SEC Charges Company, Individuals with Defrauding Investors in "Soil Remediation" Scam

Litigation Release No. 24064 / March 5, 2018

Securities and Exchange Commission v. Jersey Consulting LLC, No. 2:18-cv-00155-BSJ (D. Utah, February 20, 2018)

The Securities and Exchange Commission today announced charges against a Utah-based company, its principal, and several solicitors of the company's securities in an ongoing offering fraud that has already targeted more than 80 individual investors.

The SEC's complaint, filed in federal district court in Salt Lake City, Utah, alleges that, since September 2014, Marc Andrew Tager of Utah and his company, Jersey Consulting LLC, have engaged in the fraudulent offering of unregistered Jersey securities and employed paid telemarketers to raise at least $6 million from investors located across the U.S. None of the telemarketers-Suzanne Aileen Gagnier, Kenneth Stephen Gross, Jeffrey Rowland Lebarton, and Jonathan Edward Shoucair-are registered to sell securities. According to the complaint, Jersey investors were promised extraordinary returns of 100% or more within 12 months from the application and licensing of Jersey's "soil remediation" technology, and were misled about the commercial viability of Jersey's technology and Jersey's purported rights to a "mineral rich" claim in Arizona. Jersey in fact had no rights to the claim and its technology was not commercially viable. Jersey also failed to disclose Tager's prior felony conviction and that investor funds were diverted to pay for Tager's personal expenses, including the purchase of a Harley-Davidson motorcycle.

The U.S. Attorney's Office for the District of Utah, which conducted a parallel investigation of the matter, announced that Tager and others were indicted on securities fraud, among other criminal charges. Additionally, the Utah Department of Commerce‒Division of Securities, which also conducted a parallel investigation of the matter, announced that it had filed a civil action against Jersey, Tager, and others for violating the antifraud and licensing and registration provisions of Utah law.

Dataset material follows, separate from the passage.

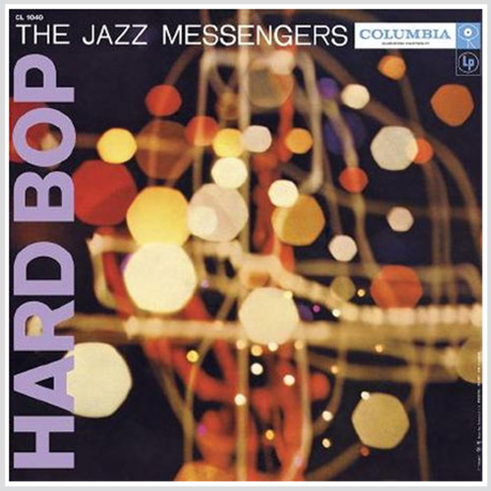 Art Blakey & The Jazz Messengers - Hard Bop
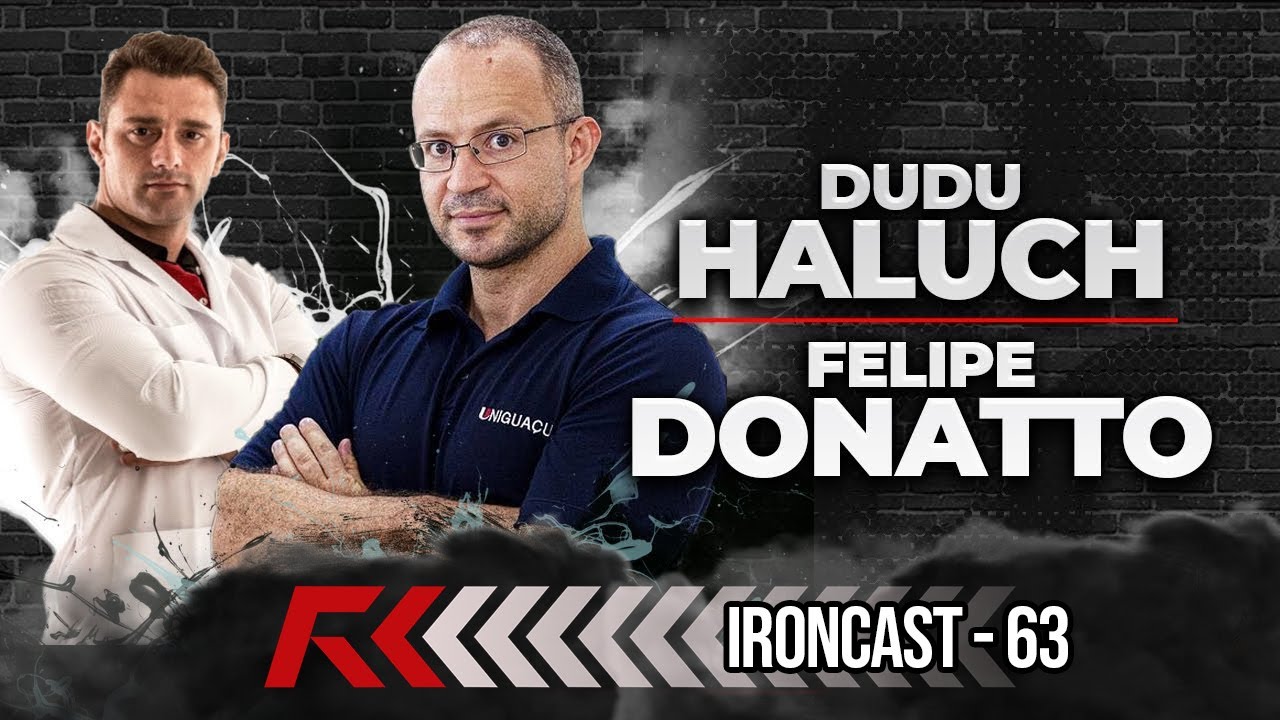 DUDU HALUCH E FELIPE DONATTO - IRONCAST #63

The SEC's complaint, among other things, charges Jersey and Tager with violating Sections 5(a), 5(c), and 17(a) of the Securities Act of 1933 ("Securities Act") and Section 10(b) of the Securities Exchange Act of 1934 ("Exchange Act") and Exchange Act Rule 10b‒5 and Gagnier, Gross, Lebarton, Shoucair with violating Sections 5(a) and 5(c) of the Securities Act and Section 15(a)(1) of the Exchange Act. The complaint also charges Jersey and Tager with aiding and abetting each solicitor's violations of Section 15(a)(1) of the Exchange Act and each solicitor with aiding and abetting Jersey's violations of Section 17(a)(2) of the Securities Act, Section 10(b) of the Exchange Act, and Exchange Act Rule 10b‒5(b). The SEC also named, as relief defendants in its complaint, Jersey Consulting associates Matthew E. Mangum and Matthew, J. Freitas as well as Premier Marketing Solutions, Inc., Equity First Properties Inc., Roxane Marie Gross, and Christine L. Shoucair. The SEC seeks, among other relief, an asset freeze, permanent injunctions, conduct-based injunctions, disgorgement of ill-gotten gains plus prejudgment interest thereon, and civil penalties.

The SEC's investigation was conducted by James Thibodeau of the Salt Lake Regional Office, and the litigation will be led by Amy Oliver and Daniel Wadley. The Commission appreciates the assistance of the U.S. Attorney's Office for the District of Utah, the FBI, the Utah Department of Commerce‒Division of Securities, and the Utah Attorney General's Office.